China stepped up its battle against Muslim separatists on Monday as President Jiang Zemin (news - web sites) agreed to a pact with neighbouring Kazakhstan to fight terrorism and religious extremism.

China's top official in the northwestern region of Xinjiang called for intensifying a fight against the "three forces", which have been identified by state media as religious extremism, ethnic separatism and terrorism.

Jiang, who met Kazakhstan President Nursultan Nazarbayev on Monday, said the two countries would sign an agreement to crack down on the "three forces", state television said.

"This is another important action taken by China and Kazakhstan to maintain regional security stability," television quoted Jiang as saying.

The report gave no details of the agreement.

The semi-official China News Service quoted Wang Lequan, Communist Party chief in traditionally Muslim Xinjiang province, as urging officials to step up their campaign against the "three forces".

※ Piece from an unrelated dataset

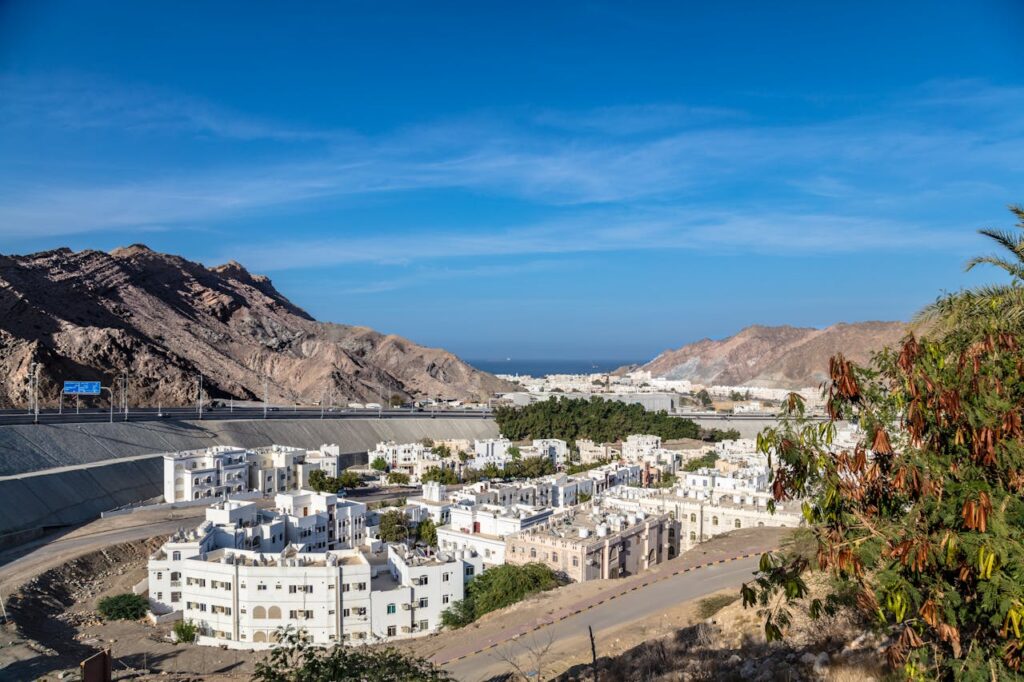 Aerial view of a town in Oman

"Xinjiang will keep up the pressure in cracking down on the 'three forces' from beginning to end to maintain social stability," the agency quoted Wang as telling a party meeting.

The moves came just days after U.S. rights envoy Lorne Craner visited the region, inhabited by Muslim ethnic Uighurs and growing numbers of migrant Han Chinese, to urge greater religious freedom and the release of political prisoners.

Washington added a group campaigning for an independent Xinjiang, the East Turkestan Islamic Movement, to its list of terror organisations this year.

The U.S. move sparked concerns from foreign rights groups that Beijing might use this to justify a long-running crackdown on dissent in Xinjiang amid suspicions among some Western diplomats that it was politically driven.

Beijing has thrown its weight behind Washington's war on terror and urged the international community to support its fight against Uighur separatists.

One tactic has been to pressure Kazakhstan and other central Asian states to curb activities of groups affiliated with the East Turkestan movement.

China has accused Uighur separatists of joining forces with Osama bin Laden (news - web sites) and of bombings and other violence.

But foreign rights groups say innocent Uighurs are stripped of their right to worship freely and they suffer persecution.

Craner, who met Chinese officials when he was in Xinjiang, said his talks on rights were cordial, but he had hoped they would be more productive.

He said reports of religious repression in Xinjiang remain of tremendous concern to Washington and he would welcomed future opportunities to discuss the issue.